Grzegorz Napieralski ocenił, że wsi udało się zrobić wielki krok do przodu. Zaznaczył, że politycy muszą pilnować, aby w nowej perspektywie budżetowej rolnicy dostali takie same dopłaty, jak ich koledzy z zachodu. Jego zdaniem, na wsi należy zwiększać dostępność do żłobków, przedszkoli, a także studiów.

Bronisław Komorowski zaznaczył, że wieś dostała ogromną szansę w związku z naszym wejściem do UE. Jak mówił, dziś należy pytać o nowoczesność i cywilizacyjny postęp wsi. W tym kontekście podkreślił konieczność dbania o rozwój szkolnictwa, usług i dróg. Apelował, by pamiętać o tzw. schetynówkach (drogi budowane dzięki programowi rządowemu w gminach), a także o Orlikach.

O in vitro

Według kandydata PO, okrucieństwem byłoby zabrać szansę młodym małżeństwom na dziecko. To jest problem trudny, ale do rozwiązania. Trzeba, tak jak w sprawach aborcji, znaleźć rozwiązanie kompromisowe, które by szanowało wrażliwość katolicką w kwestii ilości zarodków, ale nie może się zdarzyć, że ktoś - jak środowisko pana prezesa Kaczyńskiego - zgłosi do Sejmu ustawę o karaniu więzieniem za stosowanie metody in vitro - powiedział.

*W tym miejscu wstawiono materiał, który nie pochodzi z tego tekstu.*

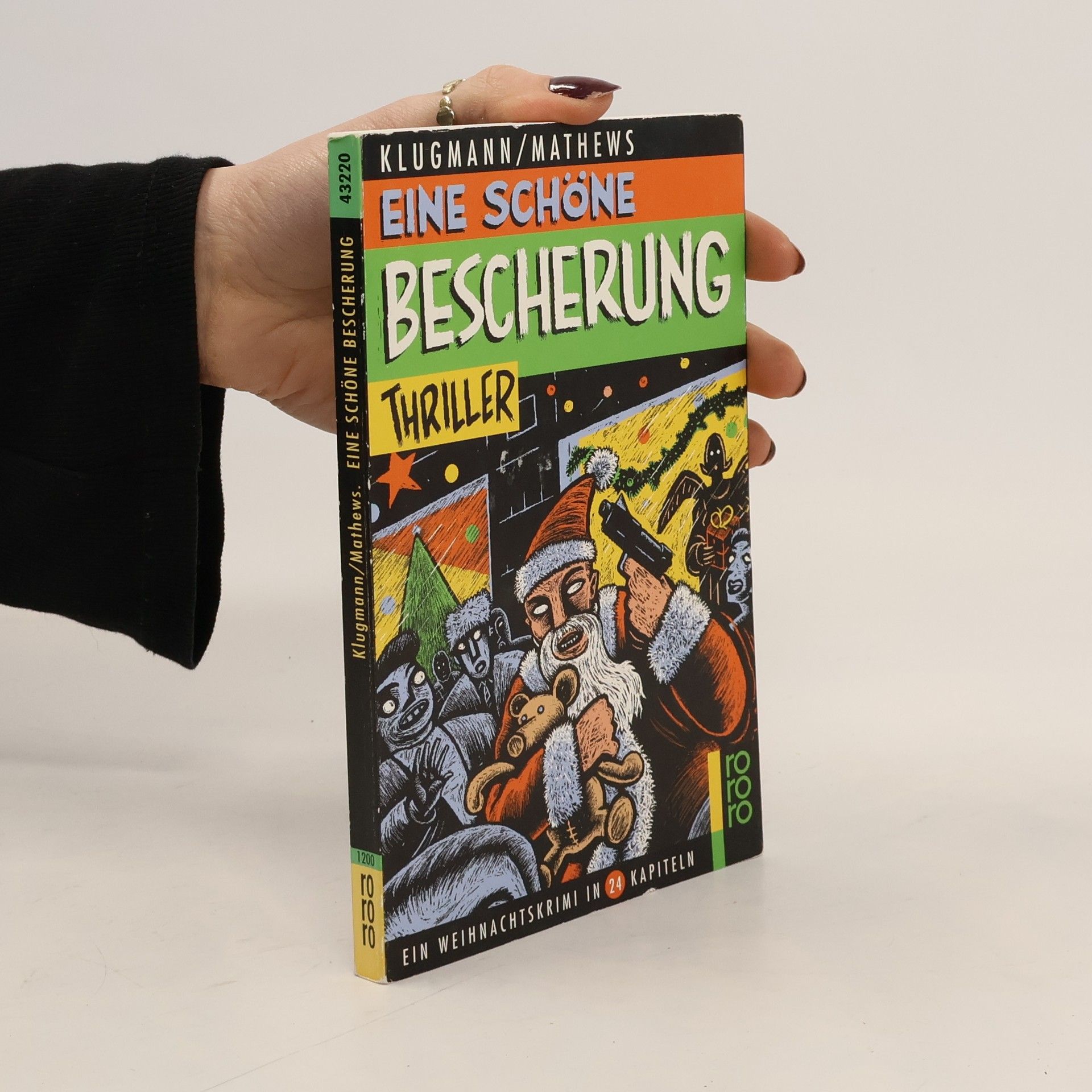 Eine Schöne Bescherung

Kandydat PiS stwierdził, że w Polsce jest za mało dzieci i jest potrzebny wielki program walki z bezpłodnością. Metoda in vitro to jest, można powiedzieć, metoda ostatnia - stwierdził. Ja osobiście będę tutaj zachowywał swoje stanowisko jako katolika, natomiast z całą mocą poprę wszystkie działania zmierzające do tego, żeby polskie pary małżeńskie mogły mieć dzieci - zadeklarował.

Dzieci to wielka radość - powiedział kandydat SLD. Dodał, że nie wyobraża sobie życia bez dzieci, ale wiele par nie ma tego szczęścia. I właśnie nowoczesna medycyna pozwala się im cieszyć tak samo, jak ja. Jeżeli możemy ludziom pomóc, to pomóżmy. In vitro pomaga ludziom. Bezpłodność jest chorobą. Jeżeli możemy pomóc ludziom, to to zróbmy, refundujmy in vitro wszystkim - wezwał. Dodał, że nie rozumie prawicowych polityków, którzy zrobili z tego wojnę ideologiczną.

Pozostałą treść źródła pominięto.